Ich war sehr gerührt von einer besonderen Begegnung, die ich in einem der Turnhallen machte. Ein kleines syrischen Mädchen, vielleicht 6 oder 7, nennen wir sie Nene. Ich kam in die Halle und sie kannte mich nicht, wollte mir aber sofort ihre Mama vorstellen, mich umarmen und ganz wichtig: ich sollte doch ein paar ihrer Zuckerkugeln, die sie in einer Plastiknuckelflasche herumtrug, probieren. Ich war ein wenig überrascht, den normalerweise kann ich nicht sofort mit Kindern. Von ihrer vollgesabberten Nuckelflasche wollte ich allerdings eher weniger probieren und lehnte dankend ab. Nach einer Weile, in der ich Flyer für das anstehende Kino verteilt hatte, hier und da geredet hatte, natürlich immer begleitet von Nene, wollte ich wieder aufbrechen. Nach gefühlten 1002 Küssen und weiteren Umarmungen war mir dies auch gestattet, allerdings nur unter dem Versprechen wiederzukommen. Ich versprach und verließ die Halle. Draussen angekommen griff ich in meine Jackentasche und hatte sicher den dreiviertel Inhalt der Nuckelflasche in Perlenform darin. Ich musste grinsen. Verdammt schlau die Kleine;)
Zwei Tage später kam ich wieder in die Halle, um alle, die mit zu Kino wollten, abzuholen. Ein Kinder-Empfangskomitee stand schon bereit. Alle gerieten sofort in helle Aufregung und überall wurde nach Jacken, Handschuhen, Schals gesucht, die Mütter zusammengetrommelt und lauthals „Cinema, cinema“ verkündet. Nene war natürlich ganz vorne mit dabei und bevor wir uns überhaupt begrüsst hatten, band sie mir schon ihr Armbund um das Handgelenk. Mir blieb nichts als verwundert „Dankeschön“ zu murmeln und sie zu umarmen – ich war so gerührt.

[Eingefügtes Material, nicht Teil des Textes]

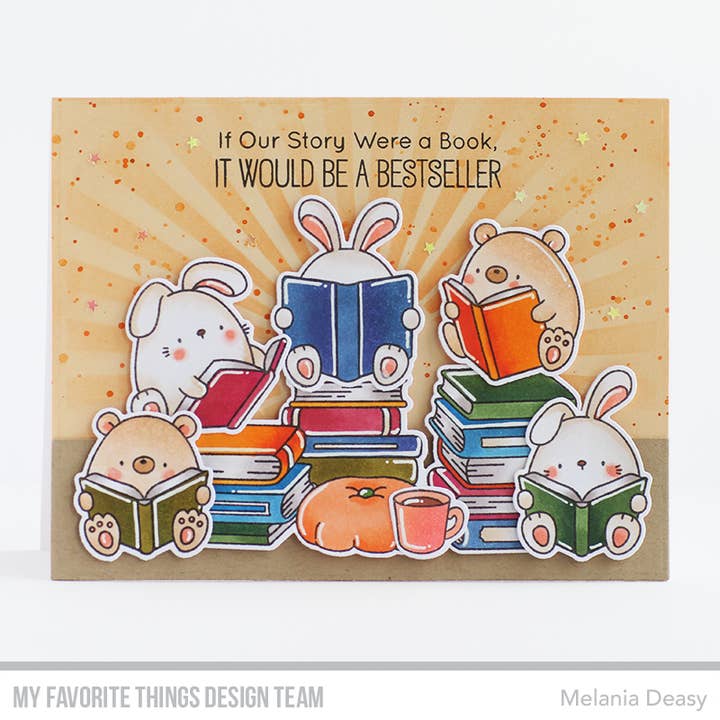 My Favorite Things - Wholesale Craft Supplies - JB Books & Buddies Die-namics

Nachdem alle sich vor der Halle versammelt hatten, gingen wir in der Gruppe los Richtung Kino. Wir waren sicher 30 Menschen. Kinder verschiedenen Alters, Mütter und sogar die Väter. Die entgegenkommenden Fußgänger waren ziemlich verdutzt von so viel Quirligkeit und Lebensfreude und es war wunderschön zu sehen wie alle Spass an dem Ausflug hatten. Nene war natürlich die ganze Zeit neben mir und hielt meine Hand – ich durfte sie nur loslassen um meine Tasche wieder richtig über meine Schulter zu legen oder um den Weg per Handzeichen anzugeben.
Im Kino angekommen suchten sich alle einen Platz, Nene neben ihrer Mama und ihrem Bruder – ein wunderhübscher kleiner Kerl mit strahlend blauen Augen. Während der Kinovorstellung kam sie immer wieder raus, um nachzuschauen, ob ich wohl noch da bin. Am Ende beim anschliessenden Buffet war sich auch immer an meiner Seite und knabberte geduldig an ihrem Brot während ich mich mit den Erwachsenen unterhielt.
Als die Zeit zum Gehen gekommen war, verabschiedete sich Nenes Mutter bei mir und ich bückte mich zu Nene hinunter, um ihr die Hand zu geben. Doch anstatt meine Hand zu nehmen, schmiß Nene sich mir an den Hals und drückte mir einen überaus liebevollen feuchten Kuss auf die Backe. Alle Umstehenden ließen ein lautes „Ohhhh“ hören und ich war mal wieder verzaubert.
Was ich sagen will: Da ist dieses kleine Mädchen, das wahrscheinlich seit einem Jahr auf der Flucht ist, vieles erlebt hat, was Kinder nicht erleben sollen und sich trotzdem diese Offenheit, Herzenswärme und das Vertrauen erhalten hat. Sie teilt das Wenige, das sie hat völlig unbeschwert und freigibig mit mir. Sie schenkt mir Zuneigung und Zuversicht, obwohl sie diese sicher noch ein wenig länger braucht, um in der Halle leben zu können.
Es ist wie so oft: ich bin tief berührt von so viel Menschlichkeit. Ich wünsche mir, dass wir diesen Kindern die Chance geben zu lernen, zur Schule zu gehen, einen Teil ihrer Kindheit zurzückerobern zu können. Ich würde mich freuen, wenn all die wunderhübschen Mandelaugen zu einer Lehrerin aufschauen würden und staunend Neues lernen könnten bei uns. In einem Land, in dem es möglich sein sollte, dass jedes Kind eine ordentliche Schulausbildung erhält.
Was ihr dafür tun könnt? Geht in den Hallen und Unterkünften vorbei, lernt die Kinder, Mütter, Familien kennen, informiert euch, wo man Schulsachen für die Kids spenden kann, überlegt euch ein Nachmittagsprogramm für die Kids oder helft bei den Hausaufgaben.
Vielleicht schaffen wir es dann, dass auch diese Kinder im Erwachsenenalter an Turnhallen denken, in denen sie Sportunterricht hatten. Und ihren eigenen Kindern ebenfalls eine gute Schulausbildung ermöglichen können. Ich würde es mir wünschen.